What are common problems that participants face when learning or applying Lean concepts and techniques? Do you have any advice to overcome this?
The common problems I see are related to change. Participants are sometimes not willing to share their ideas as they feel they may not be listened to, or even worse, negatively treated by fellow employees. This may be from previous experiences when their ideas were not supported by their management team so they feel their ideas are not valued or appreciated.
The advice I give them to overcome this is:
- Firstly the management team is investing in the participants by Think Perform being on site, it’s just not the cost of the program, but also the time the participants are away from their workstations, the management team want to see improvements to justify their investment.
- When they generate an idea for change, they need to word it positively by being “Above the Line” and not just to come up with an idea, but also to generate what the improvements will be, they could relate to productivity, efficiency, reducing waste, safety and employee well being.
- The final piece of advice would be if they are apprehensive, then we can get together and I can champion the discussion with the management team for, or with them.
What is your favourite Lean/Continuous Improvement tool/technique/concept?
I have always liked 5S because it is a key concept in so many other Lean and Continuous Improvement Tools. If you are problem solving you need to have your information organised, usually we 5S the information into an A3 or even collecting data on a chart or graph is an example of 5S with data.
Likewise visual management is linked to 5S, just a simple shadow board where tools are stored and returned to, is a great example of visual management and 5S. My participants have shared many experiences of how they have implemented 5S not only in their workplace but also in their home, just to make things easier.
Everyone will have examples of 5S in their own home ranging from their cutlery drawers, wine racks, perhaps even your sock draw.
What is the best/most unique/most interesting way that you’ve seen clients apply lean/CI tools and techniques?
One of the best and most effective tools/techniques used was at a site which produced plastic injection moulded parts, and one of their processes was to pack boxes from a bulk container, e.g. boxes of 12 from a container of 200 parts.
The issue stemmed from safety signage which stated that hearing protection must be worn in the area, so all employees would stop and put their earplugs in whenever they entered the area even if the machine was idle and not working.

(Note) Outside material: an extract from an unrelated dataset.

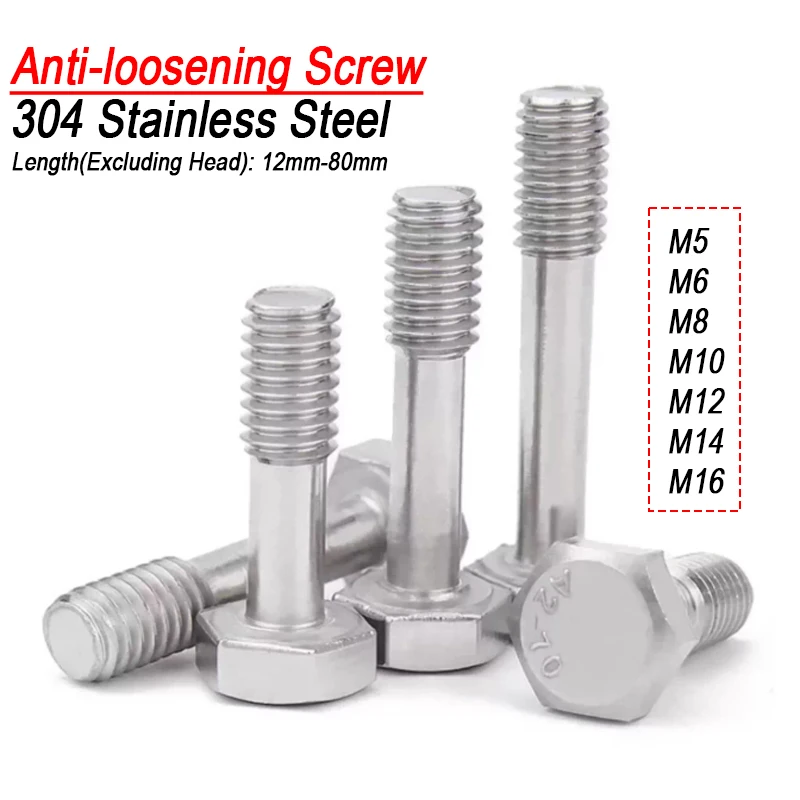 M5 M6 M8 M10 M12 M14 M16 304 A2 Stainless Steel Outer Hex Hexagon Head Half Thread Anti-loosening Screws Bolts Length 12mm-80mm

The site then conducted noise assessment testing around the area and redefined the area with a border of a blue and white line. The signage was then update to read “Hearing protection must be worm when past blue and white lines when machine is operating”.
The solution reduced the needless use of earplugs, resulting in a cost saving to the consumables, and also proved to be more efficient for the forklift drivers, with an estimated half an hour savings per shift per day, while also reducing frustration and increasing morale.
Any last tips/advice for readers?
Make the most of your opportunities to improve, be vocal at your Toolbox meetings, but remember always be “Above the Line” don’t let yourself be the person that always complains, be the one who has ideas, solutions and reasons to improve. Concentrate on the basics, lots of small improvements implemented over a span of one year add up to a huge improvement at the end of that year, help make your workplace one that values their employees as they strive for Continuous Improvement.